Refik Anadol’s work focuses on a large nature model instead of a large language model. Since 2010 he has been exploring the movements found in nature and creating simulations based on data. From 2017 he and his team have gathered more than 4 billion images of flora and fauna.

Refik Anadol, Serpentine Gallery 2024

Thinking about data as a pigment opens up a realm where the physical limitations are rendered irrelevant. Data is completely free in its movement, shape, colour, and pattern. What happens when this living artwork develops a response?

Artificial Realities: Coral and Rainforest

These artworks were created to increase awareness of the disappearance of ecosystems. Corals are dying due to climate change. Can we use AI to represent them? One of the most fascinating aspects of AI art is to provide new ways of seeing the world. Furthermore, AI images have the capability to make imagined ideas more tangible.

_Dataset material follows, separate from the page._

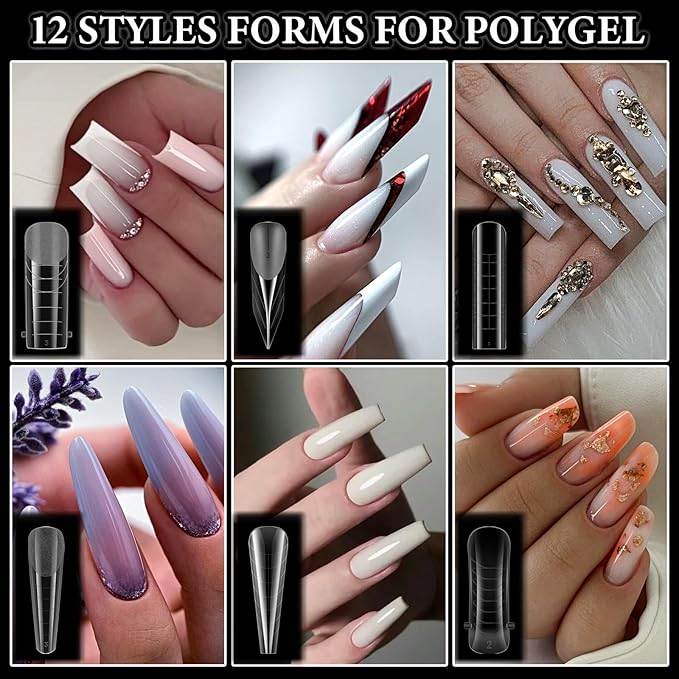 288Pcs Polygel Nail Forms Starter Kit 12 Style Poly Gel Nail Extension Molds Full Cover Dual Forms with Silicone Stickers Manicure Tools for Coffin Square Almond French Nail Art Designs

Refik Anadol, Serpentine Gallery 2024

Art galleries and museums as immersive experiences

There is a growing trend to employ technology to make art galleries and museums more immersive experiences. In the future multimodal AI could create sound, image, text and scent to connect the non-visual layers of artworks.

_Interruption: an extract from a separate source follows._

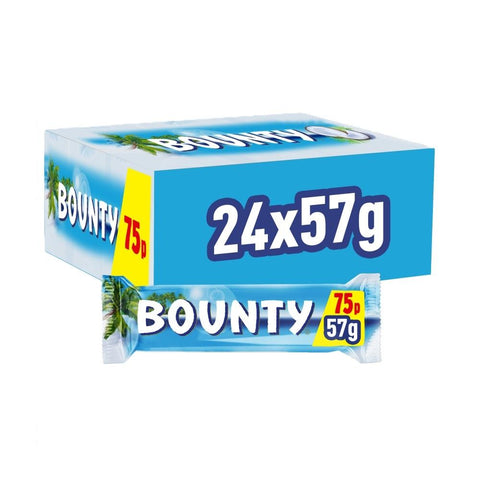 Bounty Coconut & Milk Chocolate Snack Bar £0.75 PMP Duo 57g - 24 x 57g Bars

Refik Anadol’s AI generated art is also honouring ancestral wisdom. He worked with the Yawanawa people in the Amazon and learned about their spiritual connection to nature and heightened sensorial awareness. These ancestral voices should also be included in current and new technologies.

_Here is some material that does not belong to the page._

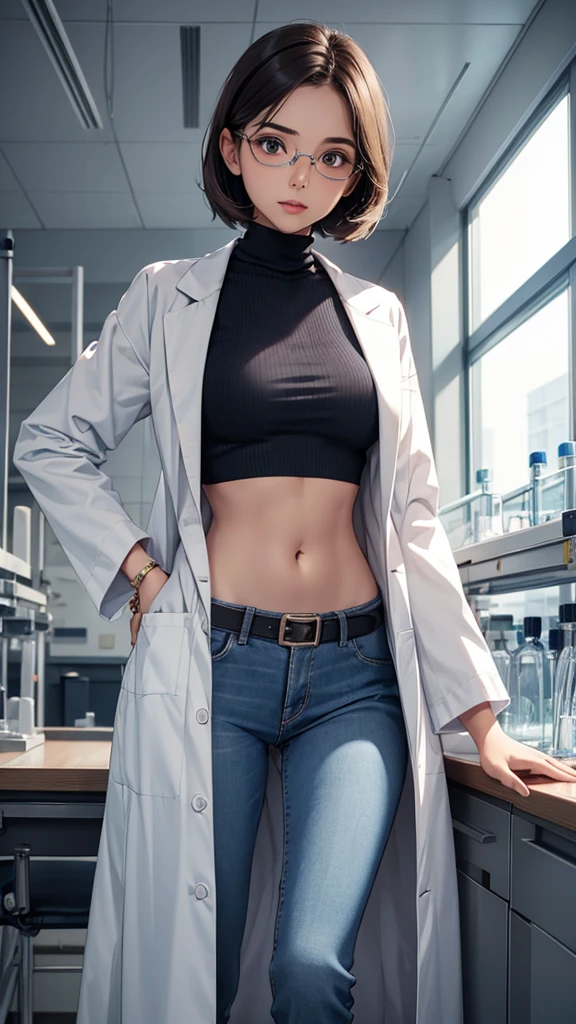 Girl in Laboratory, Turtle-neck, lab coat, showing navel, belt, Exposing the abdomen below the navel, well-dressed, glasses, blue jean, laboratory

Refik Anadol, Serpentine Gallery 2024

“I believe that with AI I have a much higher chance of creating a universal language of humanity”. 

Tech for Good

How might the future unfold using something like a Large Nature Model? How can we use this type of new technology for good causes and avoid further exploitation of nature?

  • Adding a sensorial level to the art. Making the viewer feel sensorial impacts e.g. when nature is being exploited and suffering.
  • Making viewers engage with nature by deeper connection and respect demonstrating how nature is alive, always evolving and providing for humans.
  • Open a new world of possibilities for regeneration and betterment e.g. seeing simulations suggested by different voices e.g. ancestral wisdom or non-humans.
  • Taking innovation to the next level from human and corporate exploitation to respectful interconnectedness improving life for all.

Using nature as a ‘database’ can open possibilities for both good and bad. So, those who are participating in writing and creating AI models should have a moral compass.

References are from curator Hans Ulrich Obrist’s interview with the artist. (Serpentine app at Bloomberg Connects, 2024)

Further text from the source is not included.